**What you have to do**
For the material below, reproduce exactly each line from the one that has "Великолепная Осетия |" through the one that has "フェラーリ F60にレギュレーション違反の疑い", and no others; pictures stay out.

━━━━━ Input data ━━━━━

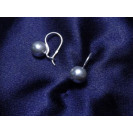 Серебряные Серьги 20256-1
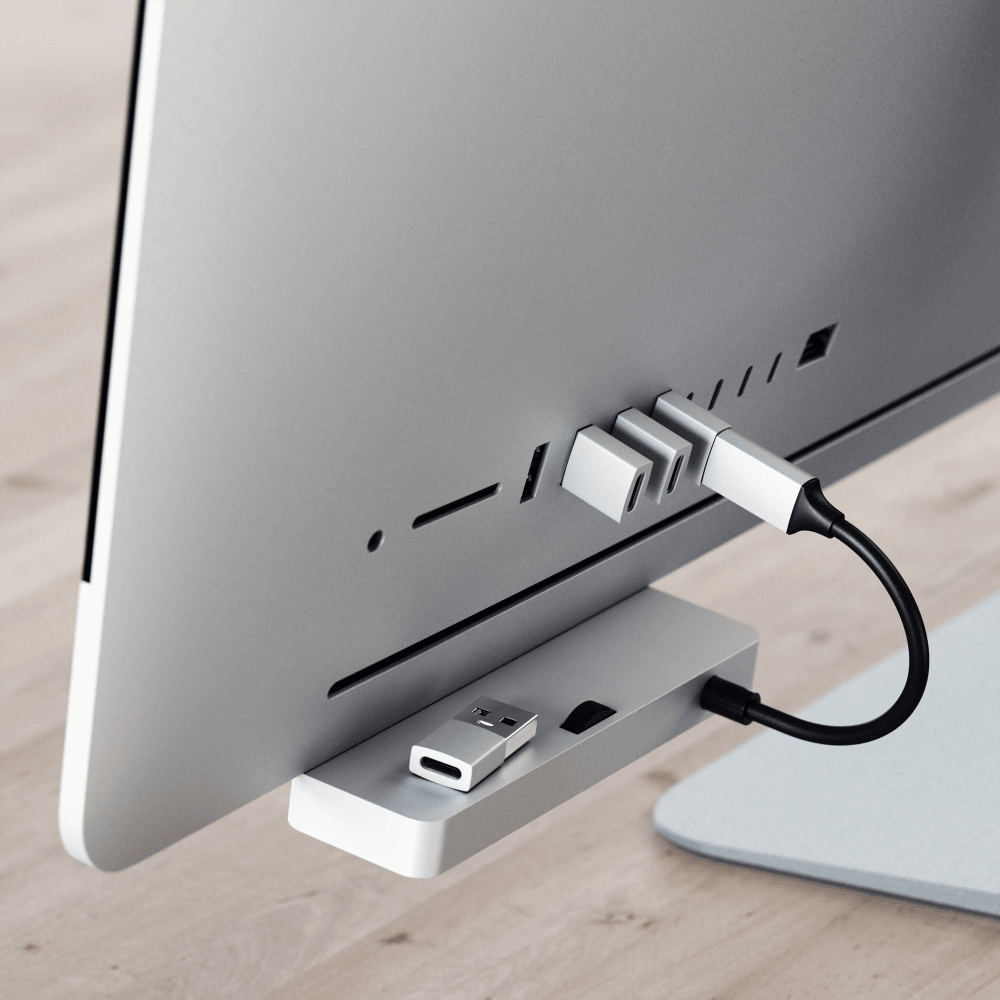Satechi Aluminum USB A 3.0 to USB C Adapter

━━━━━
━━━━━ Input data ━━━━━

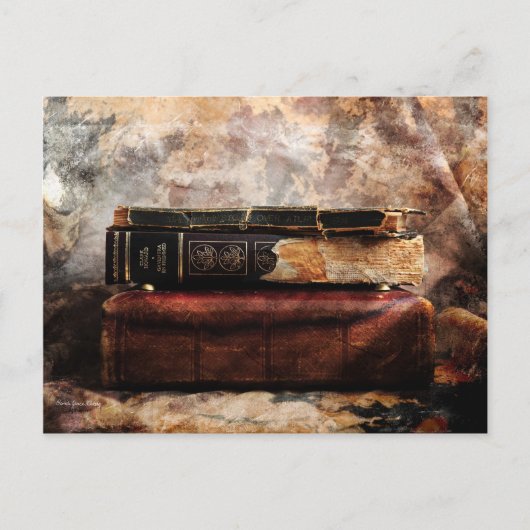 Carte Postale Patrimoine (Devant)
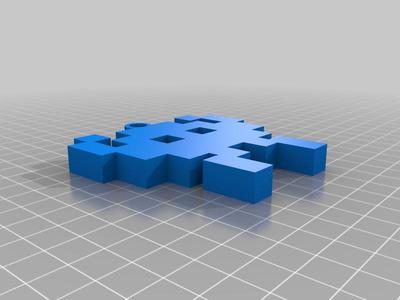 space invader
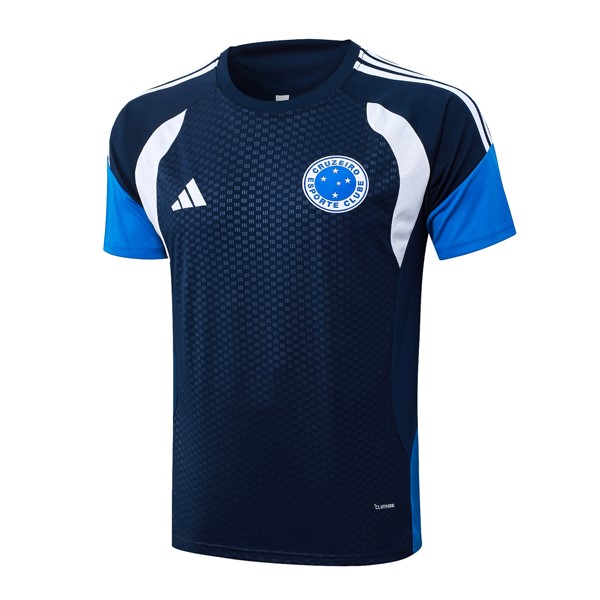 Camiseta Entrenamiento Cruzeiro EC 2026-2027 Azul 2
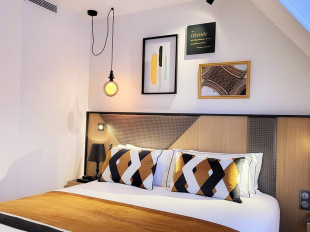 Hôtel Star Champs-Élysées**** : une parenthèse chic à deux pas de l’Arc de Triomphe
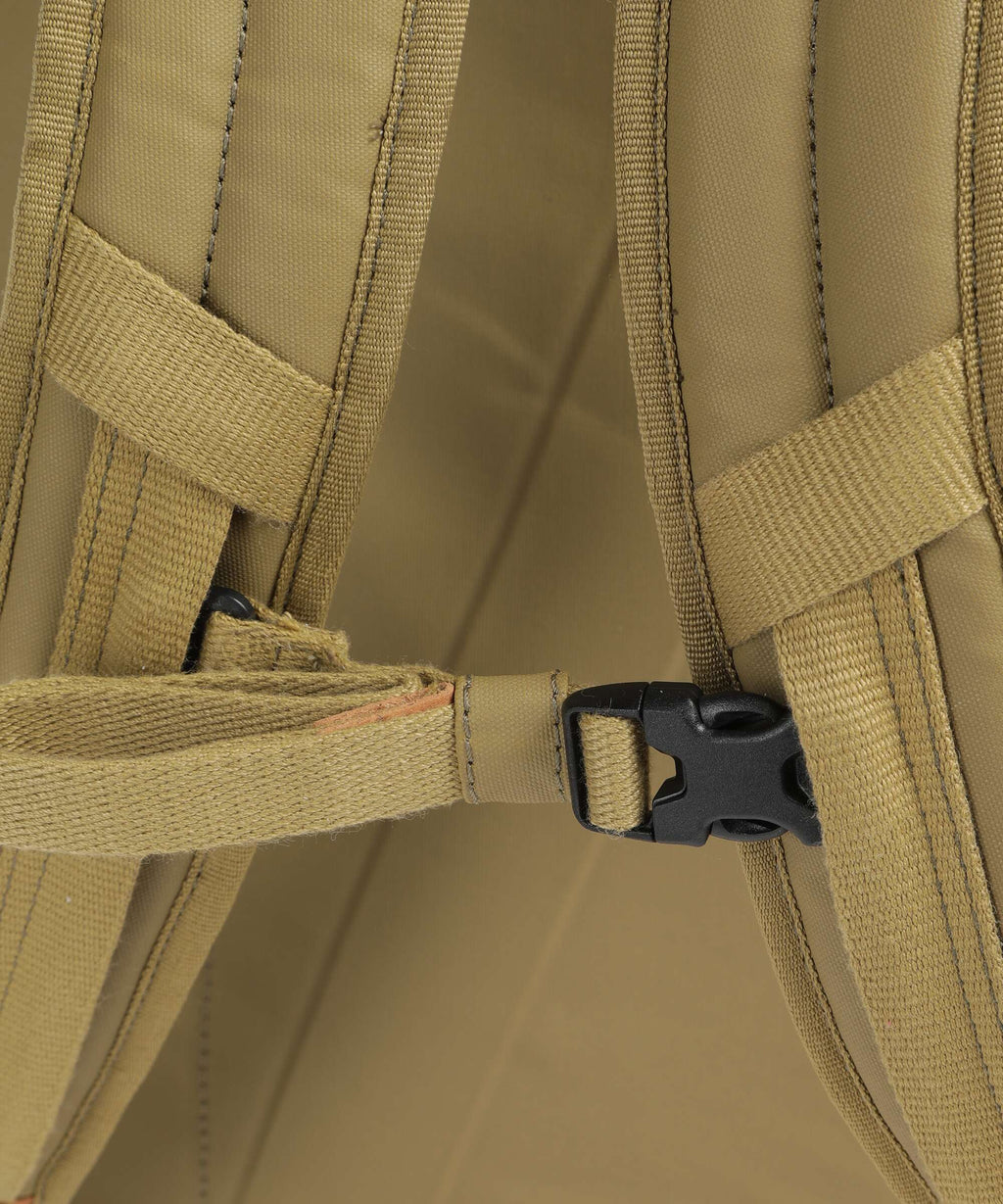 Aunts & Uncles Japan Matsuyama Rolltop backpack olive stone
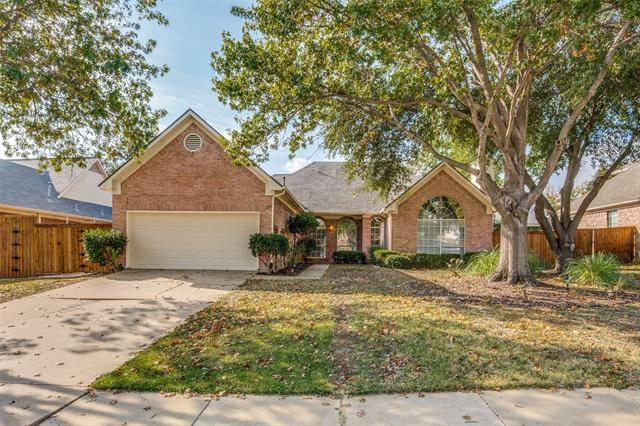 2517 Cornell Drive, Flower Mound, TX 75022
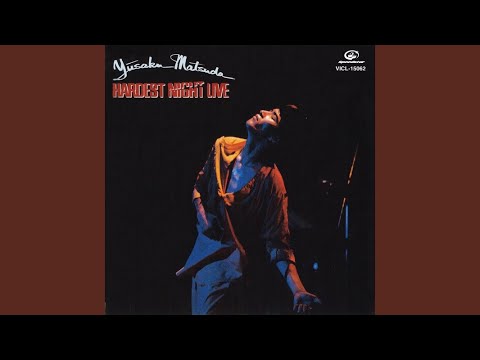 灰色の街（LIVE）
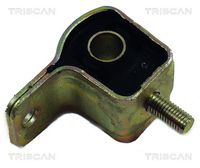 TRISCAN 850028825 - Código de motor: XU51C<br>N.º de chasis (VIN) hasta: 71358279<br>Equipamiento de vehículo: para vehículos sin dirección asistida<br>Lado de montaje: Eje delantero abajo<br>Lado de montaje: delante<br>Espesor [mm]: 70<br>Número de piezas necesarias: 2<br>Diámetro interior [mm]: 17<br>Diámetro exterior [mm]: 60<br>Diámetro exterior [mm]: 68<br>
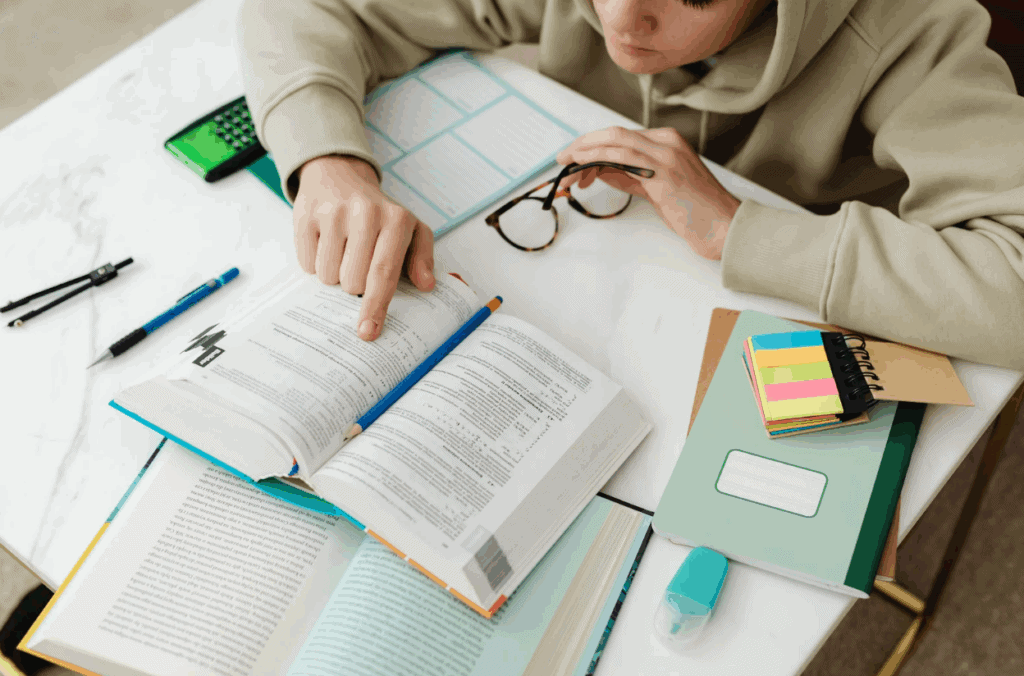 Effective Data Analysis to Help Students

━━━━━
━━━━━ Input data ━━━━━

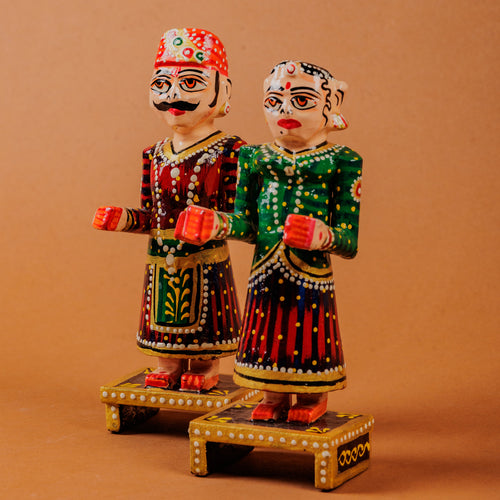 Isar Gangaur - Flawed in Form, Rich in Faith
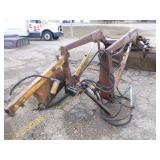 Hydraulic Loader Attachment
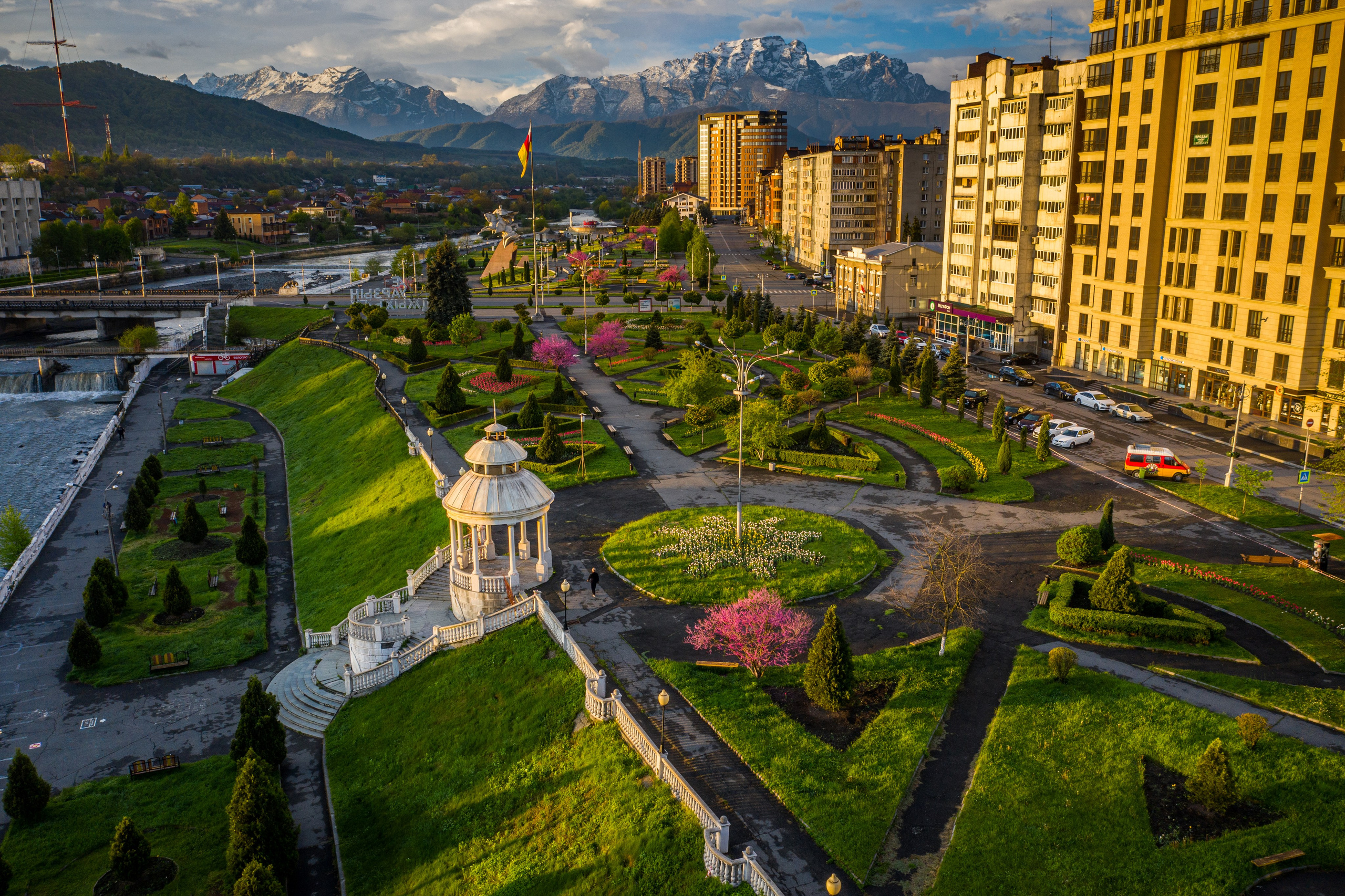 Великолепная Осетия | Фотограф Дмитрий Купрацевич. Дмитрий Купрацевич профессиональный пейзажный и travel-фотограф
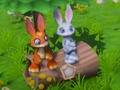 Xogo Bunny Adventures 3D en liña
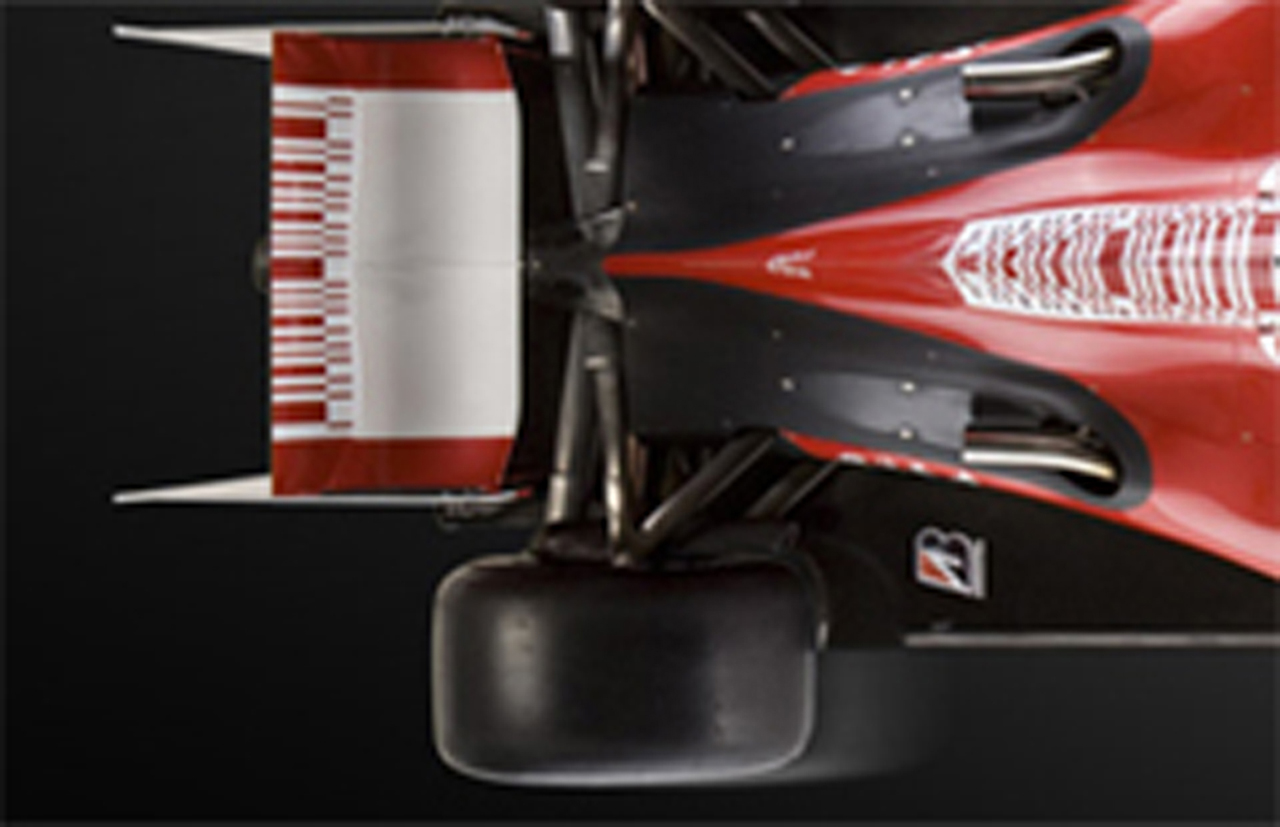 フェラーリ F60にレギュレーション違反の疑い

━━━━━

**Your response**
 Великолепная Осетия | Фотограф Дмитрий Купрацевич. Дмитрий Купрацевич профессиональный пейзажный и travel-фотограф
 Xogo Bunny Adventures 3D en liña
 フェラーリ F60にレギュレーション違反の疑い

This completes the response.